Salah satunya disebabkan adanya penyatuan sistem penyediaan air minum (SPAM) dan air minum dalam kemasan (AMDK) sehingga membuat terjadinya pasal-pasal yang saling tumpang tindih di RUU SDA.
"Sebaiknya RUU SDA ini fokus saja kepada SPAM atau air perpipaan.Karena menurutnya, banyak yang perlu dibenahi dalam SPAM ini, misalnya dalam hal pengelolaan air bersih di tingkat pedesaan hingga provinsi," kata Nana Mulyana di Jakarta, Selasa (18/9/2018).
Menurutnya, kalau SPAM di level desa, itu mungkin bisa ditangani oleh BUMDes atau inisiator kelompok di level masyarakat.
“Saya punya binaan di Cigombong, Bogor.Masyarakat di sini kami berdayakan dengan diberi fasilitas pipanisasi dan mereka mengelolanya secara mandiri.Itu mereka membayar iuran sebesar Rp 3 per meter kubik dan itu sangat murah sekali.Kalau satu keluarga itu ada empat orang dan masing-masing membutuhkan air bersih itu kira-kira 240 liter, dalam sehari mereka hanya butuh 750-1000 liter air bersih.Artinya, dengan biaya semurah itu, penduduk di pedesaan sudah bisa mendapatkan aksesair bersih,” tutur Nana.
Kenapa itu bisa dilakukan, menurut Nana, karena sumber airnya ada.
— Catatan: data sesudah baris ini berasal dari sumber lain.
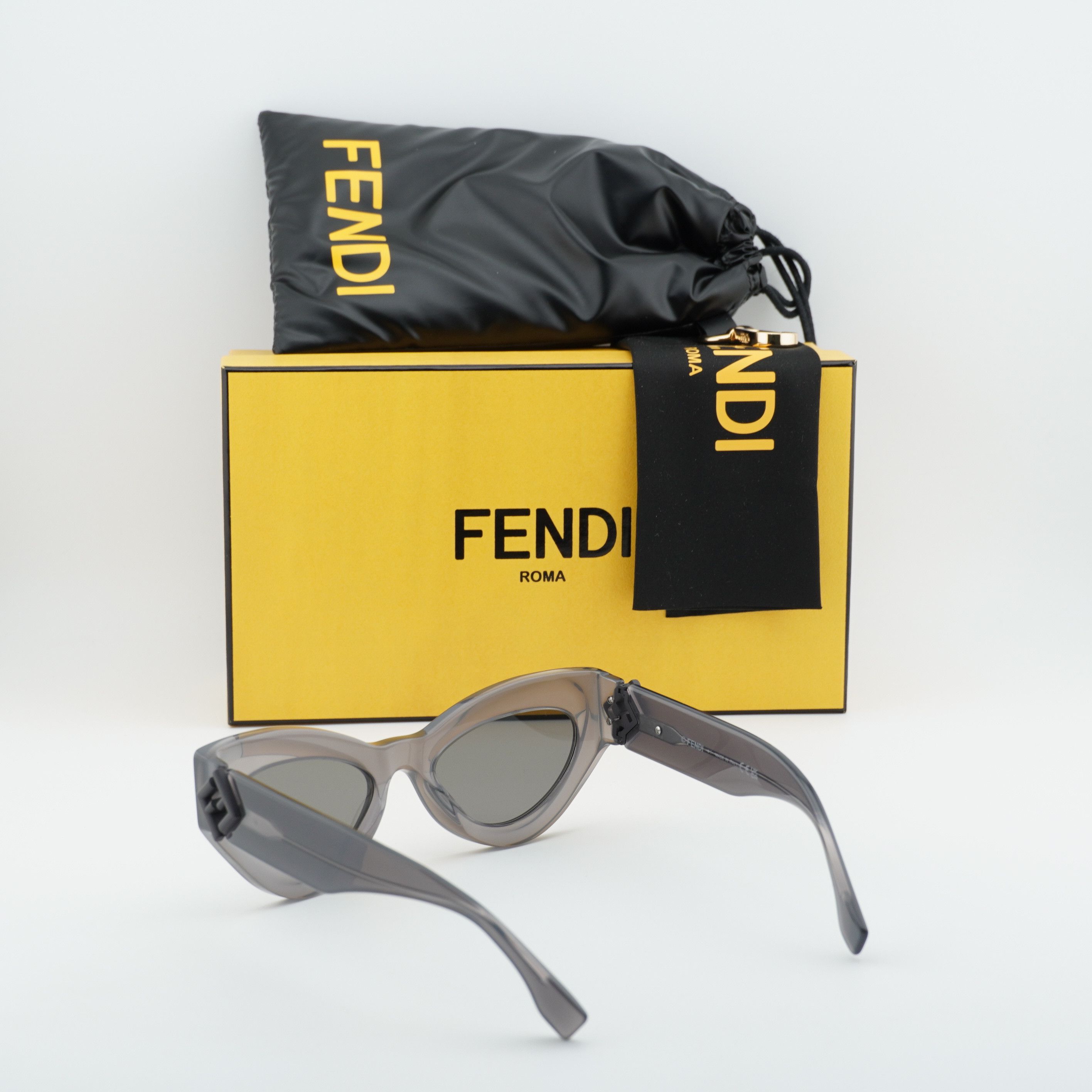 Fendi Fendi FE40146I 20A Sunglasses Grey Cat Eye Frame, Smoke Lens Size ONE SIZE - 10 Thumbnail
Dan karena jumlah penduduk di pedesaan itu tidak banyak, PDAM tidak perlu masuk ke sana.
“Jadi biarkanlah desa itu dibangun SPAM atau perusahaan air yang skalanya desa,” ucapnya.
Nah, untuk kecamatan, kata Nana, mungkin bisa masuk PDAM karena pelanggannya banyak dan investasinya menarik sehingga harganya pun bisa lebih tinggi.
Begitu juga di kabupaten, provinsi, dan industri. Selain PDAM, karena membutuhkan air bersih yang jumlahnya sangat banyak, keterlibatan BUMN, BUMD, dan pihak swasta juga diperlukan.
“Yang penting, akses air bersihnya itu dapat dengan harga yang wajar dan tidak ada monopolistik di situ,” ujarnya.
Menurut Nana, akses air bersih itu bukan hanya infrastrukturnya saja, tapi pemahaman terhadap keairan itu penting.
“Di sinilah diperlukan regulasi yang betul-betul fokus untuk mengatur hal itu,” katanya.
Untuk masalah pipanisasi, sebenarnya Belanda sudah memberikan contoh yakni tahun 1922 lalu telah dilakukan pipanisasi dari Ciomas Bogor ke Jakarta namun itu tidak ditiru oleh pemerintah.
"Yang jelas, banyak sumber-sumber air yang menarik di sini. Belanda dulu membangun Katulampa untuk irigasi ke sekitar 4 ribu hektar wilayah pertanian dengan debit air 8 kubik per detik," katanya.